**** RECORDS FOR THIS TASK

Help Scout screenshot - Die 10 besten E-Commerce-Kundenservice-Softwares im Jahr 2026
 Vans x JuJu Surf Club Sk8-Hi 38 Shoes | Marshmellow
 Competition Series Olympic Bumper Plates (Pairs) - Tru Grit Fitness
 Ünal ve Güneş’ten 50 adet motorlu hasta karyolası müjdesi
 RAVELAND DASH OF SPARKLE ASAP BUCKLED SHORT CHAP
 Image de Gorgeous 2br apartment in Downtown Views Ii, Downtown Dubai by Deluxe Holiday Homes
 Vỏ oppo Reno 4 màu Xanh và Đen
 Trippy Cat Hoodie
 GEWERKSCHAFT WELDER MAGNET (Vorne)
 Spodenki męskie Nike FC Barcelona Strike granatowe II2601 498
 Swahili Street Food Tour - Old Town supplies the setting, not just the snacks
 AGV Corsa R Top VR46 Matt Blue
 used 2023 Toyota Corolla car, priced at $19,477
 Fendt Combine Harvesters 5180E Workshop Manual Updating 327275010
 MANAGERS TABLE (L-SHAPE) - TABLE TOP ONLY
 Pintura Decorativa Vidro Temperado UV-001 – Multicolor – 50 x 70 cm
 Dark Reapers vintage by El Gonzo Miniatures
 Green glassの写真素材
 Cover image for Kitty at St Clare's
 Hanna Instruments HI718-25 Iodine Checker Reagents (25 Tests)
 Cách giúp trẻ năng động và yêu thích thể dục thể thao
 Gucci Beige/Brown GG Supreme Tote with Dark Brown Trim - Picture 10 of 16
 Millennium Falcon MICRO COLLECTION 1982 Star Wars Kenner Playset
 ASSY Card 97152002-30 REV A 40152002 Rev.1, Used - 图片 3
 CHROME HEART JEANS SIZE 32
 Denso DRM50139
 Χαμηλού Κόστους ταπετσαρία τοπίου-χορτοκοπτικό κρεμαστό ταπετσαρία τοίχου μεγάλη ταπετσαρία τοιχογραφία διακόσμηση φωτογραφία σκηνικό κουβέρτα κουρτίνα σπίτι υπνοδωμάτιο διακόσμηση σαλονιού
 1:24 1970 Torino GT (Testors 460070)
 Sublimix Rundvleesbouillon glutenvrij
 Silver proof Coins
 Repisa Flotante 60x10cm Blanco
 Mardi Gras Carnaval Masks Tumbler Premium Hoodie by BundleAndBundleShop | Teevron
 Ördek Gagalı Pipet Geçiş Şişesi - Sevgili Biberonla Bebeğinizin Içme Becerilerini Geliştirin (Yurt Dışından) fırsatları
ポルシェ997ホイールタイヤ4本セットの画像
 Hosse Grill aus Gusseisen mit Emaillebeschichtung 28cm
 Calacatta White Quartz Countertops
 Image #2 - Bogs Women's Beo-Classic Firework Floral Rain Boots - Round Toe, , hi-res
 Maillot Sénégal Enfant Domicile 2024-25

********

TASK DETAILS — Reproduce only this range: the first line of the data above through the line with "Cover image for Kitty at St Clare's", both included, exactly as written.

OUTPUT OF THE EXERCISE —
Help Scout screenshot - Die 10 besten E-Commerce-Kundenservice-Softwares im Jahr 2026
 Vans x JuJu Surf Club Sk8-Hi 38 Shoes | Marshmellow
 Competition Series Olympic Bumper Plates (Pairs) - Tru Grit Fitness
 Ünal ve Güneş’ten 50 adet motorlu hasta karyolası müjdesi
 RAVELAND DASH OF SPARKLE ASAP BUCKLED SHORT CHAP
 Image de Gorgeous 2br apartment in Downtown Views Ii, Downtown Dubai by Deluxe Holiday Homes
 Vỏ oppo Reno 4 màu Xanh và Đen
 Trippy Cat Hoodie
 GEWERKSCHAFT WELDER MAGNET (Vorne)
 Spodenki męskie Nike FC Barcelona Strike granatowe II2601 498
 Swahili Street Food Tour - Old Town supplies the setting, not just the snacks
 AGV Corsa R Top VR46 Matt Blue
 used 2023 Toyota Corolla car, priced at $19,477
 Fendt Combine Harvesters 5180E Workshop Manual Updating 327275010
 MANAGERS TABLE (L-SHAPE) - TABLE TOP ONLY
 Pintura Decorativa Vidro Temperado UV-001 – Multicolor – 50 x 70 cm
 Dark Reapers vintage by El Gonzo Miniatures
 Green glassの写真素材
 Cover image for Kitty at St Clare's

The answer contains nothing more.